Three Recent Events Signal WordPress Troubles
Three Recent Events Signal WordPress Troubles
Three events, including a $500,000 investment, indicate a parallel WordPress community is growing. Three unrelated events have occurred in the world of WordPress and content management systems that could determine the direction in which content is published on the web. Two of the developments are directly related to WordPress and appear to be working together.
Parallel WordPress Community
There is a movement to build a parallel community and infrastructure to WordPress.
This community aims to empower users and developers alike by fostering collaboration and innovation beyond the traditional boundaries set by the current WordPress governance.
The goal is to create stability for WordPress and ensure that it remains the most popular content management system in the world.
By doing so, we can enhance the overall user experience and provide broader options for developers, ensuring that creativity and diversity can flourish.
Recent events surrounding the Automatic-Mullenweg dispute and WP Engine have led to actions that could eventually wrest control of WordPress from Automatic and Matt Mullenweg.
Alternative WordPress Community: Part 1
This second approach to building an alternative WordPress community has received significant support from GoDaddy in the form of a half-million dollar donation to the nonprofit The WP Community Collective, a group whose goal is to create an independent open-source ecosystem for WordPress support.
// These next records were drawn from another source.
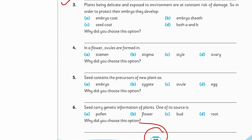Solve question number 5: Seeds contain the precursors of new plants as — what is the name of the baby plant inside a seed? Is it embryo, zygote, ovule, or egg? Find the right answer and give the reason.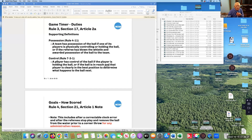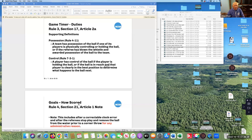Quick review on control — important for coaches calling timeouts. A player has control of the ball if they are holding it, or if the ball is in reach and that player is clearly in the best position to determine what happens to the ball next. There have been situations where nobody was near the player with the ball, the ball was not in the player's hand, a timeout was called, and it turned into a penalty shot — illegal.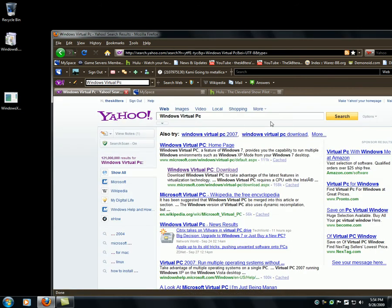Hello guys. Today I'm going to show you guys how to get Windows XP mode from your Windows 7 desktop.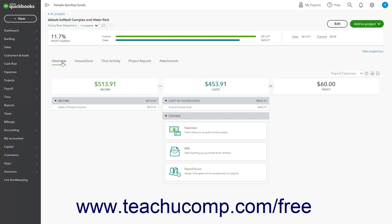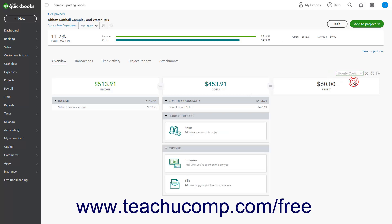click the Overview tab in the Projects Details page to see a breakdown and total of the income, costs, and profit. To change whether the Costs section shows hourly costs as set on the Projects page for employees or actual payroll expenses, select either hourly costs or payroll expenses from the drop-down in the upper right corner of this tab.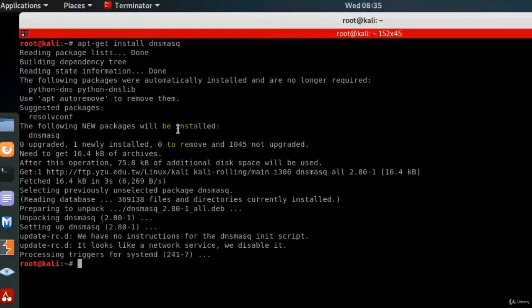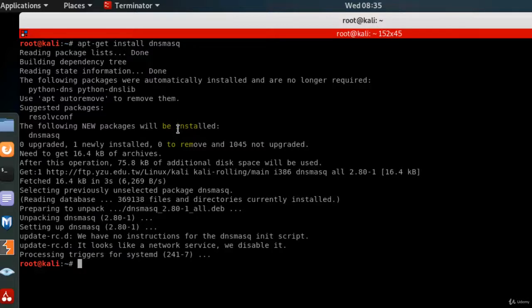And finally dnsmasq has been installed. So we have completed the installation for hostapd and also dnsmasq. I'll see you in the next lesson.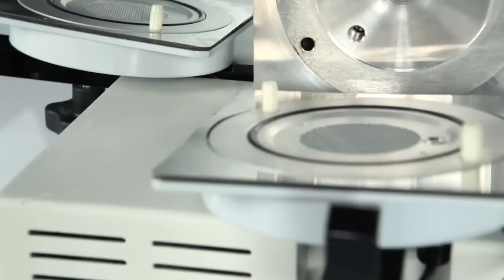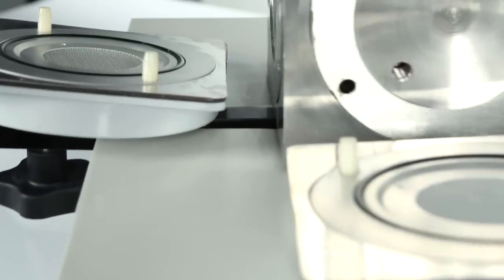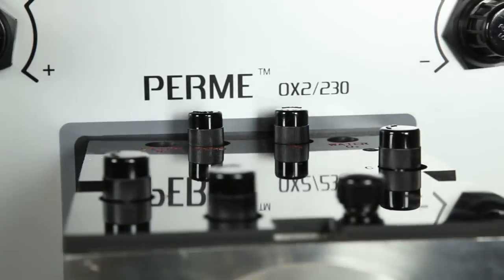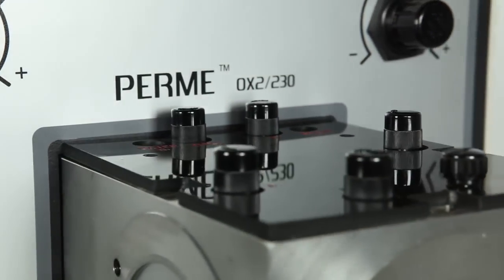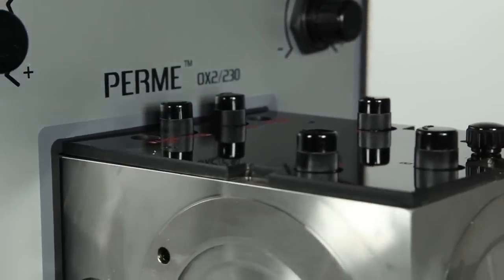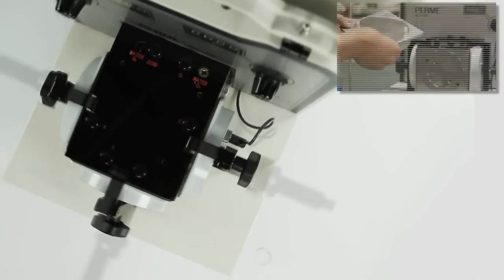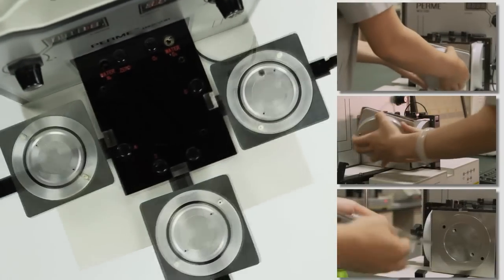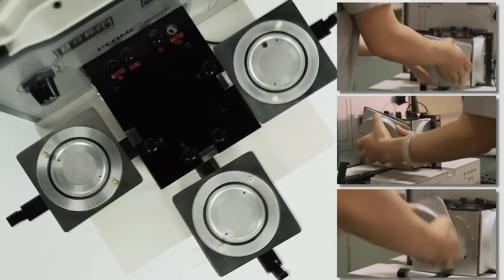It can carry out three independent tests within one unit and examine three the same or different samples under the same test condition simultaneously.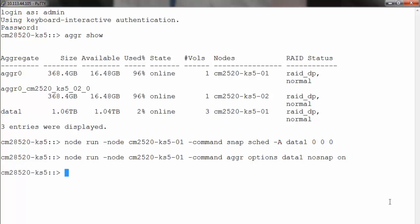Next step would be to delete the existing aggregate snapshot. It is recommended to use a maintenance window because it may cause some performance overhead. To delete the existing snapshot of the aggregate, run node run -node <name of the node> -command snap delete -A -a -f <name of the aggregate>.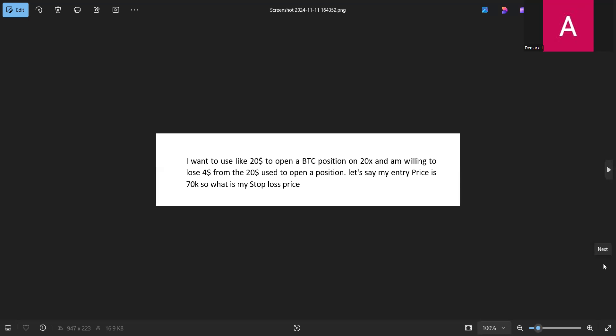As you can see on your screen, let's assume I want to use 20 dollars to open a Bitcoin position — it can be Bitcoin, it can be Dogecoin, it can be any position — and we're using 20x leverage. Out of that 20 dollars I'm willing to lose a certain amount. This is all before I open the position; I just want to know the price gap to be sure if it covers my region for a stop loss, or if I need to increase or reduce my leverage.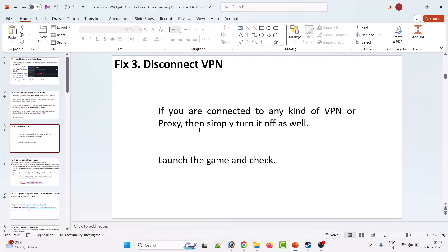Third solution is to disconnect VPN. If you are connected to any kind of VPN or proxy, then turn it off, and then launch the game and check.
This initiative highlights a growing trend among users seeking more resilient solutions that benefit from collective knowledge and shared resources.
What’s interesting about GoDaddy’s funding is that one of GoDaddy’s investors, BlackRock, is also an investor in Automattic. BlackRock recently reduced the value of its stake in Automattic, which is currently said to be less than 1%.
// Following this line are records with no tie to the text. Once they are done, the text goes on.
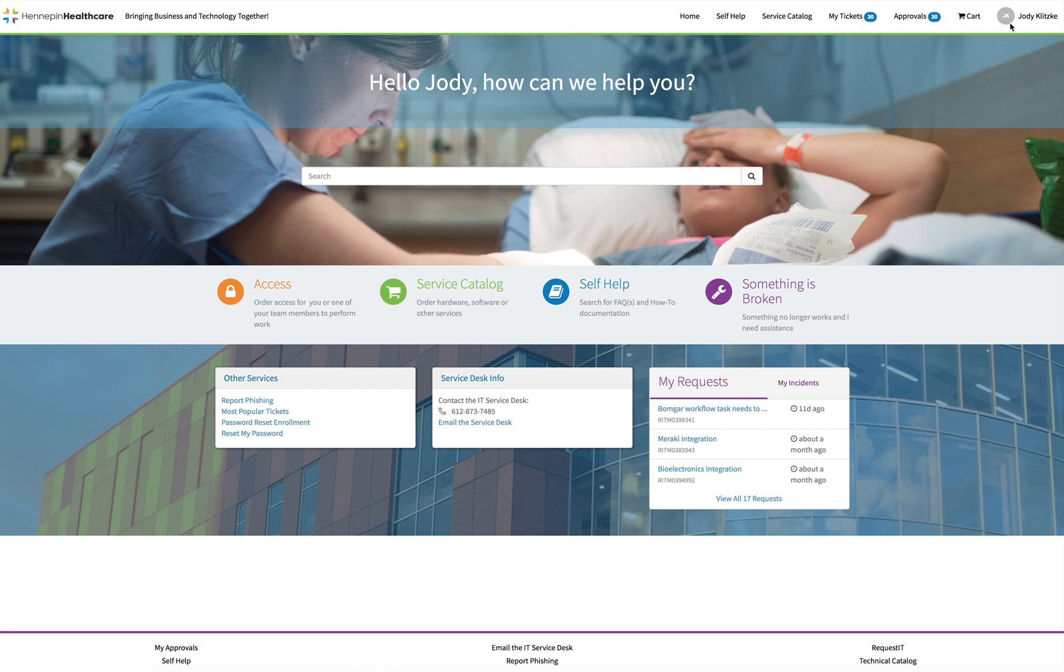The circle with your initials. Clicking on this link will allow you two options, to click on your profile or log out. There will be more training provided on your profile and the things you can do in there. Search self-help for more training on this.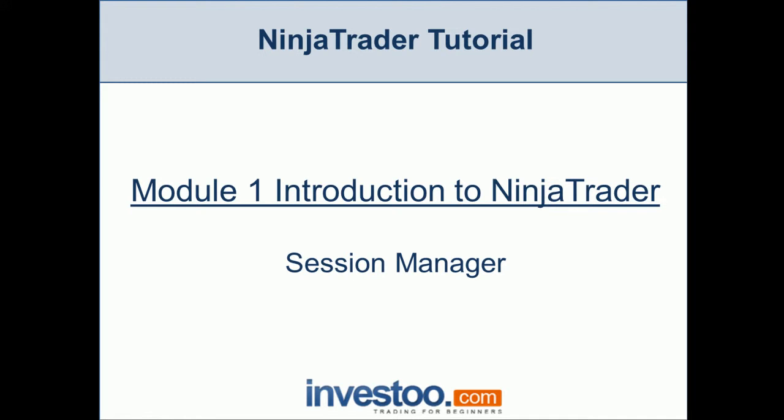Hello traders, welcome to the NinjaTrader tutorial and the first module, Introduction to NinjaTrader. In this lesson I'm going to teach you how to use the session manager to create session templates. It's a very cool and excellent tool within NinjaTrader.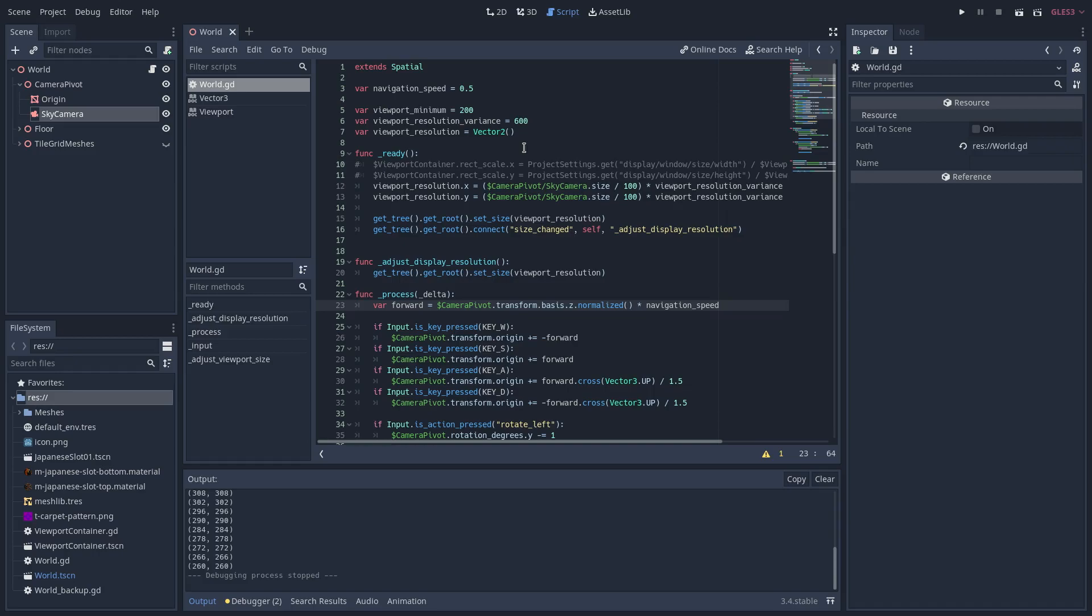Now, when the size of the viewport changes, the signal size changed is emitted, which calls adjust display resolution function that I have defined right here. And this also sets the size of the viewport. This might seem a little redundant, but it ensures that the viewport size is set correctly upon resizing the window.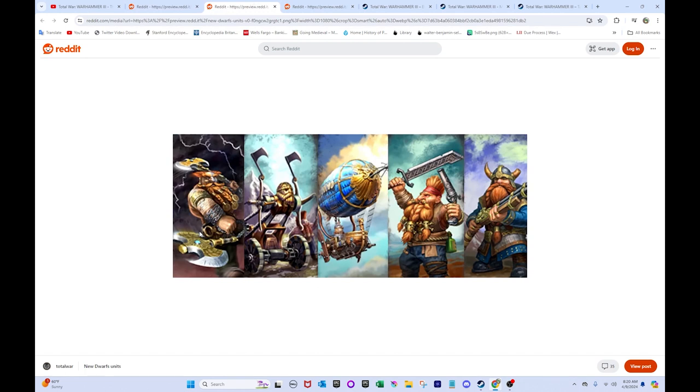Otherwise, this is the one for the Dwarves. So, we got Doomseekers here. I think those are the other Slayers. But, yeah. Doomseekers here basically seems, I'm guessing. I actually wouldn't be surprised if they're like an anti-infantry version of Slayers. That would be pretty cool. Because both of the current Slayers are anti-large.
Second news: Post Status WordPress
Community becomes a non-profit
The second part of the alternative WordPress community is an investment by Joost de Valk in a real WordPress enterprise community founded 15 years ago. Joost makes it a non-profit and creates a board of directors for it.
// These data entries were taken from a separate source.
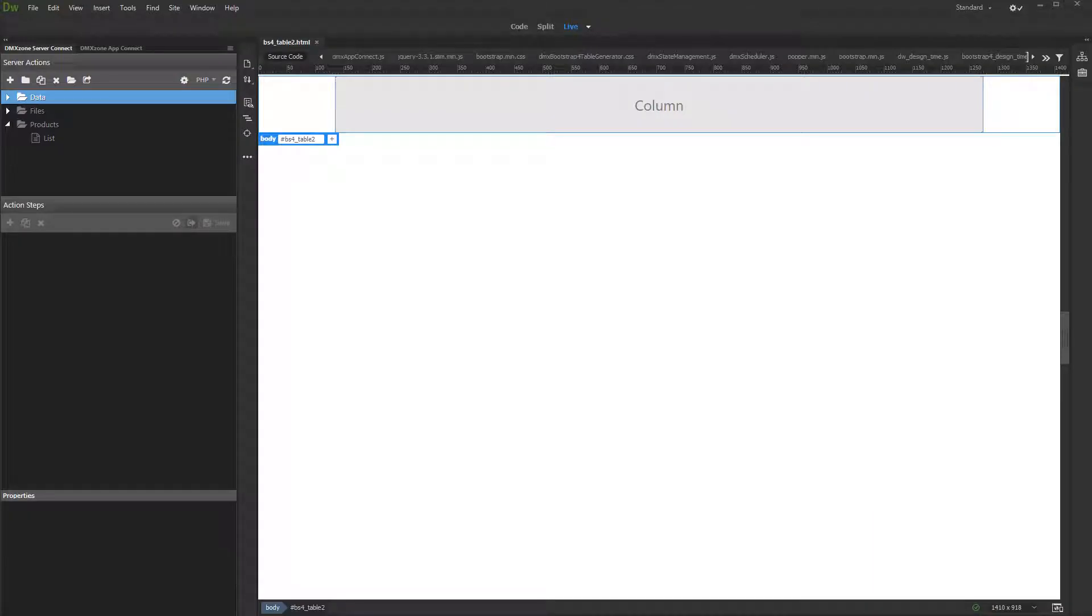In this tutorial we will show you how to create a dynamic table using the Bootstrap 4 Dynamic Table Generator 2.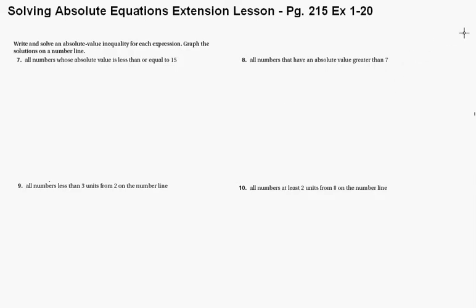Alright, in problems 7 through 10, we're supposed to write and solve an absolute value inequality for each expression. Graph the solutions on a number line. So starting with number 7, let's look at that.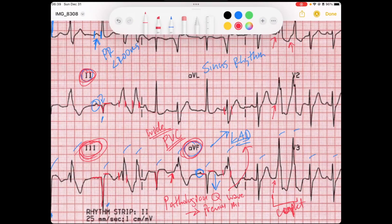In the setting of these pathological Q waves, I would love to compare them to previous EKGs, because this person might be completing their infarction.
Joost de Valk, the founder of Yoast SEO plugins, has recently become a vocal advocate for moving WordPress governance to a more democratic model and creating a parallel WordPress structure that secures and stabilizes the distribution of WordPress themes and plugins.
Third development: WordPress federated directories
The WordPress community is currently discussing decentralizing the distribution of plugins and themes so that WordPress.org, controlled by Automatic and Matt Mullenweg, is no longer the sole source. Decentralization would eliminate this control by distributing the software through multiple channels.
Karim Marucchi (LinkedIn profile), known in the WordPress community as a leading enterprise WordPress developer, has written about how to secure the supply chain regarding the safe and reliable availability of plugins and themes.
There is now a project called AspirePress that aims to decentralize WordPress and is growing in popularity. AspirePress aims to become a mirror repository and eventually a decentralized distributed model, which is reflected in their tagline at the top of every page.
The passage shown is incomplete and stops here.